Activity »
Of the records that follow, copy only the lines from the line containing "Ghost Happy Face Halloween Kawaii T-Shirt" to the line containing "PLATOU OVAL NEGRU", both included, exactly as written.

Provided records »
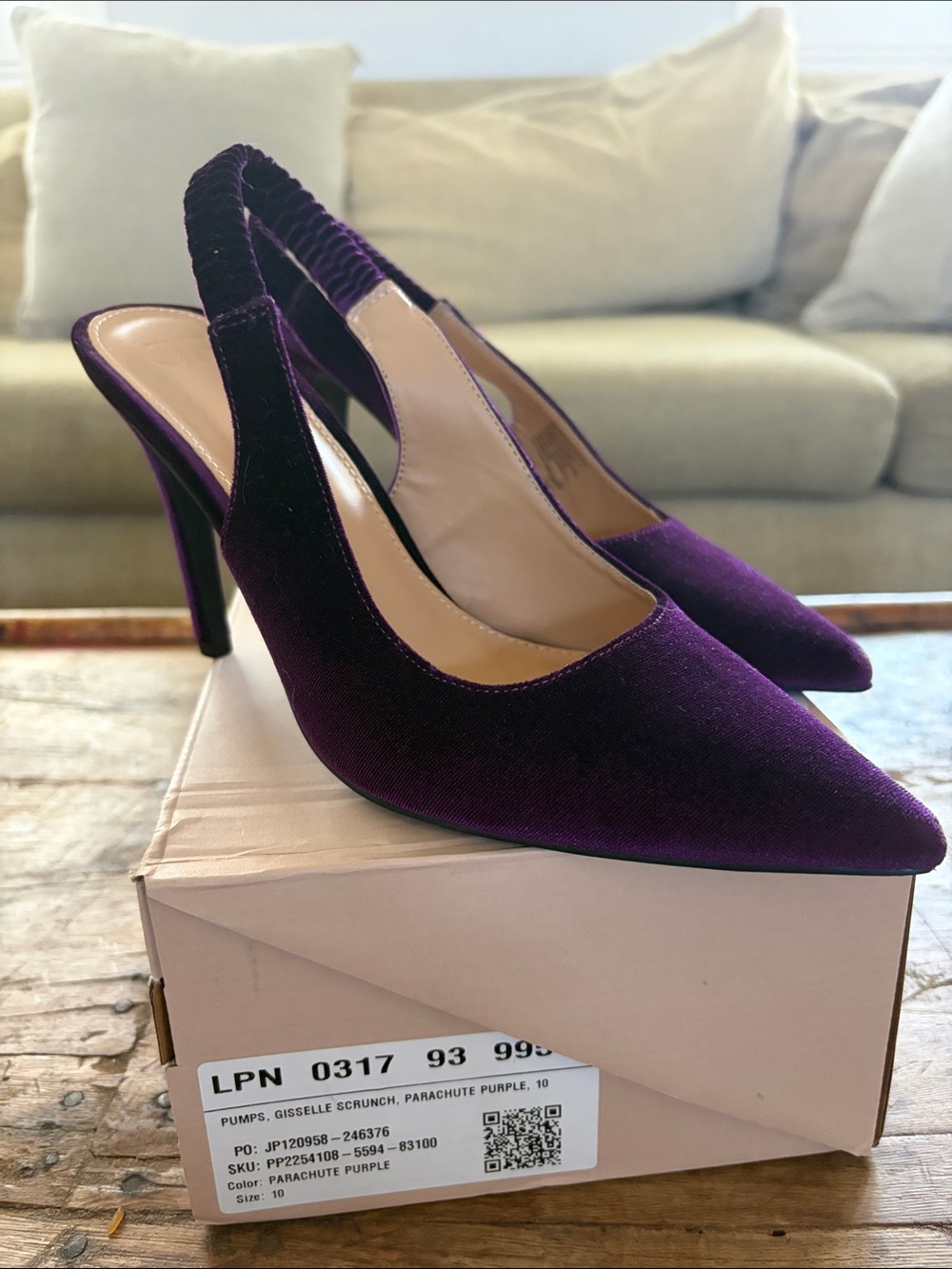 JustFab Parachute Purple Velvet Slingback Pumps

---

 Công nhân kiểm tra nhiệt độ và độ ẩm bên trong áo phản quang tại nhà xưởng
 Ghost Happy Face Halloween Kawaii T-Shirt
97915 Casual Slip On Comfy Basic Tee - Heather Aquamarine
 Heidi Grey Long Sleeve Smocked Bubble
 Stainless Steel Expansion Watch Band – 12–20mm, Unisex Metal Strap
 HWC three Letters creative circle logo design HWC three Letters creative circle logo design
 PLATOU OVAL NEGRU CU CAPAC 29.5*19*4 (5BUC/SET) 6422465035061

==

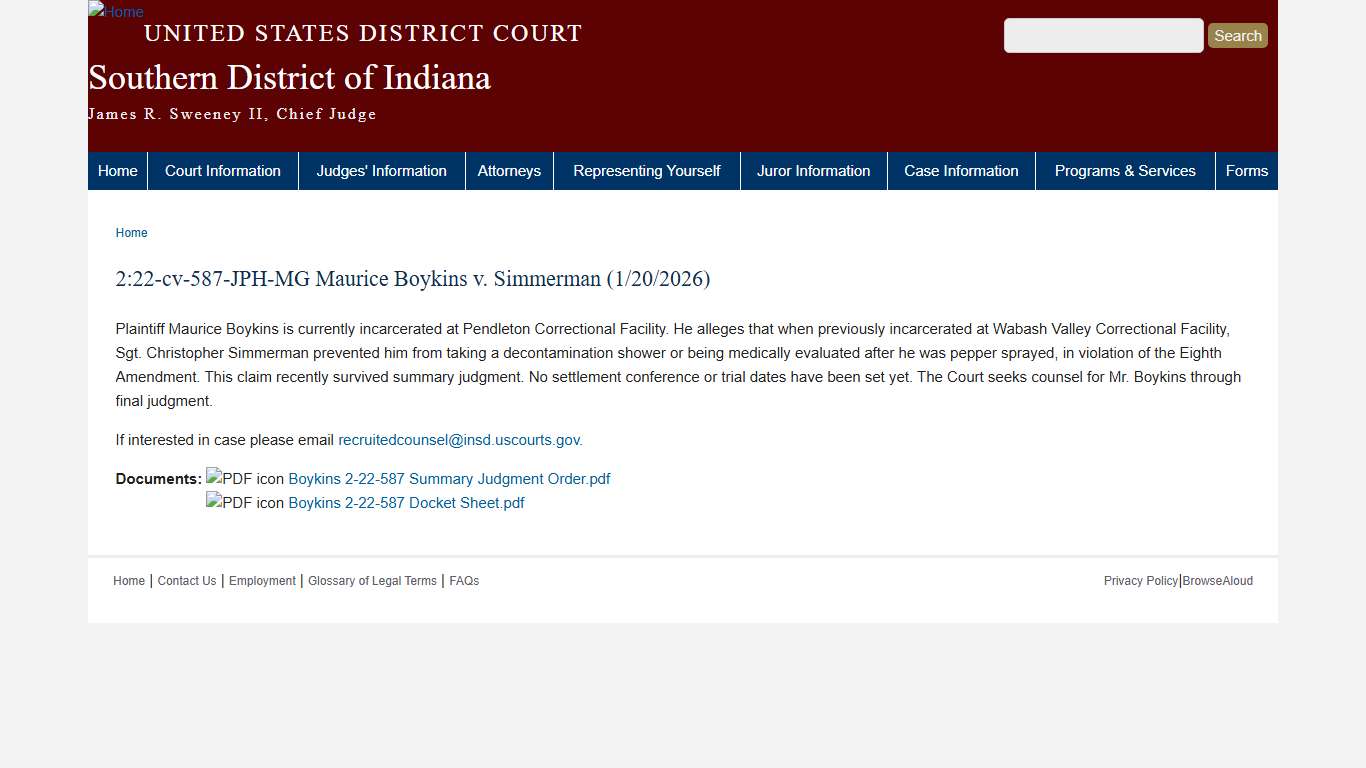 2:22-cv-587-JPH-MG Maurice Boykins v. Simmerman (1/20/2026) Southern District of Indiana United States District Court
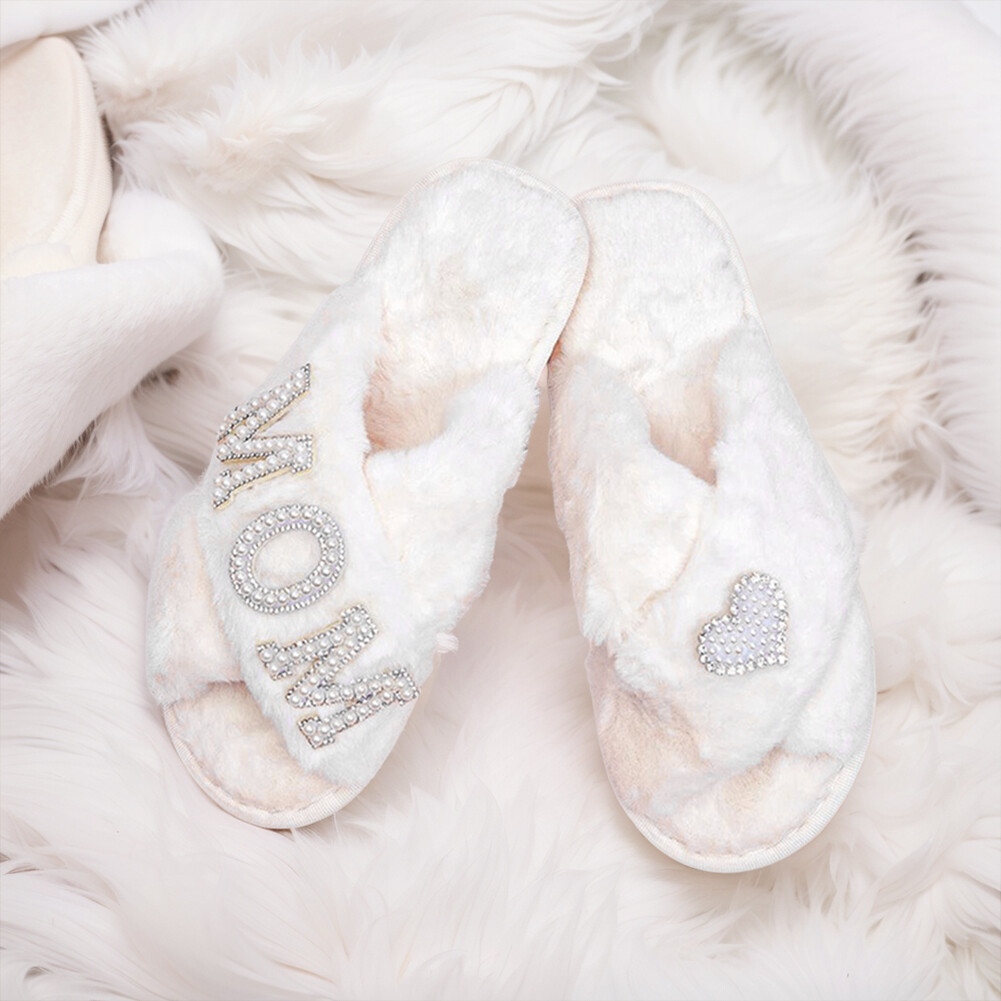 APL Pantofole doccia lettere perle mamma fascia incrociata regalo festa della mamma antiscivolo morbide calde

Answer to this exercise »
 Ghost Happy Face Halloween Kawaii T-Shirt
97915 Casual Slip On Comfy Basic Tee - Heather Aquamarine
 Heidi Grey Long Sleeve Smocked Bubble
 Stainless Steel Expansion Watch Band – 12–20mm, Unisex Metal Strap
 HWC three Letters creative circle logo design HWC three Letters creative circle logo design
 PLATOU OVAL NEGRU CU CAPAC 29.5*19*4 (5BUC/SET) 6422465035061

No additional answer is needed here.